* [Assignment]
Repeat the listing exactly, minus the pictures.

* [Information provided]
....................
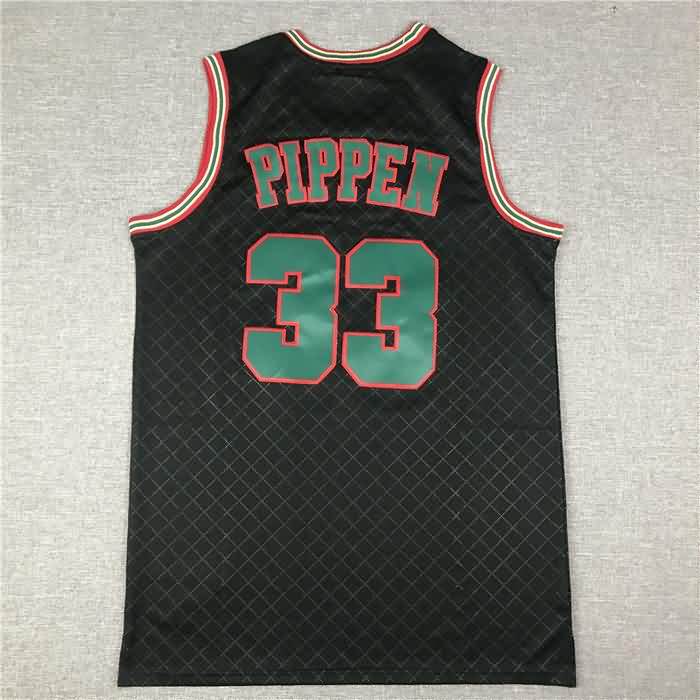 1997/98 Chicago Bulls PIPPEN #33 Black Classics Basketball Jersey 04 (Stitched)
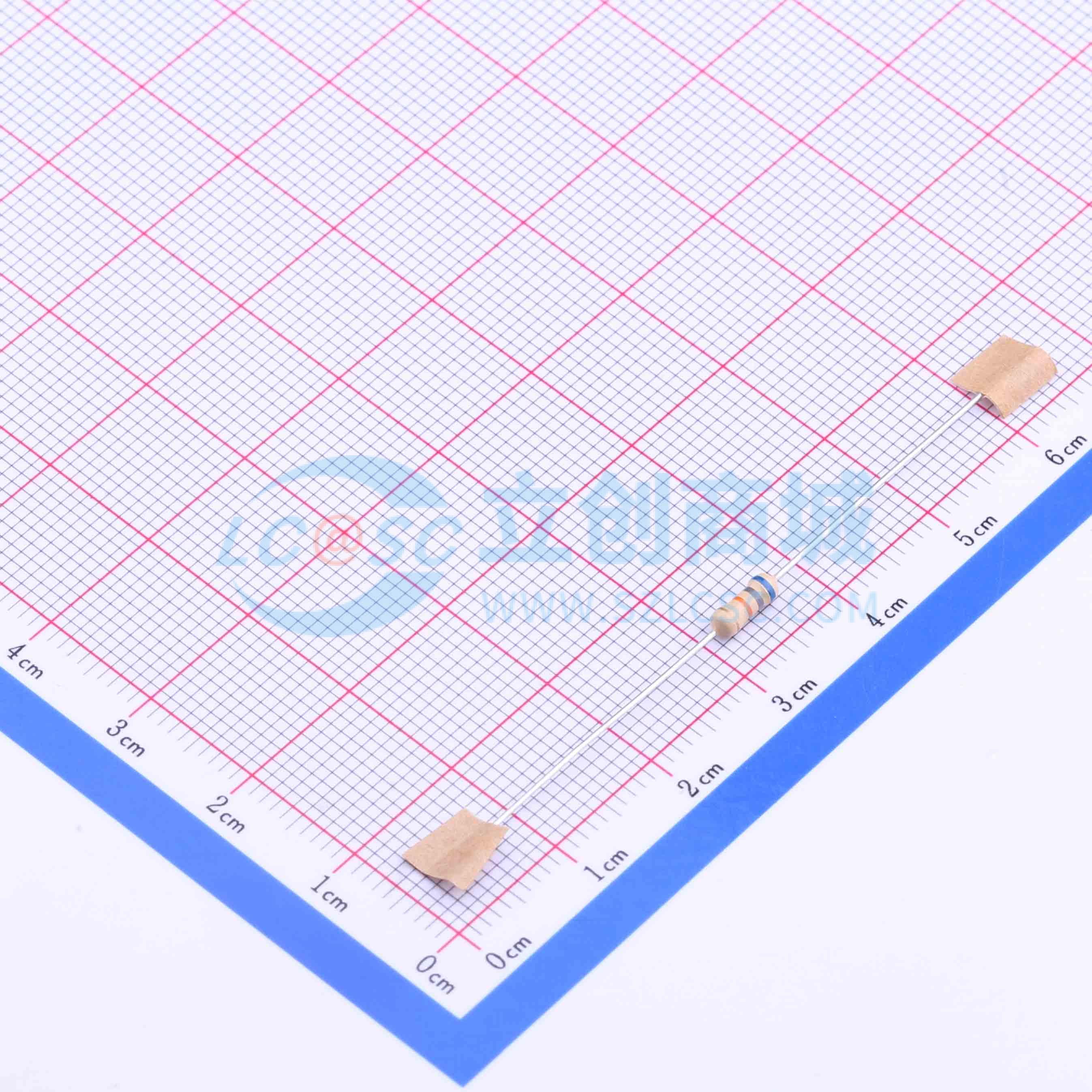 点击查看大图 CF1/4W-68KΩ±5% T实物图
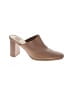 Dolce Vita 100% Leather Brown Tan Mule/Clog Size 10 - photo 1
....................
* [Reply]
 1997/98 Chicago Bulls PIPPEN #33 Black Classics Basketball Jersey 04 (Stitched)
 点击查看大图 CF1/4W-68KΩ±5% T实物图
 Dolce Vita 100% Leather Brown Tan Mule/Clog Size 10 - photo 1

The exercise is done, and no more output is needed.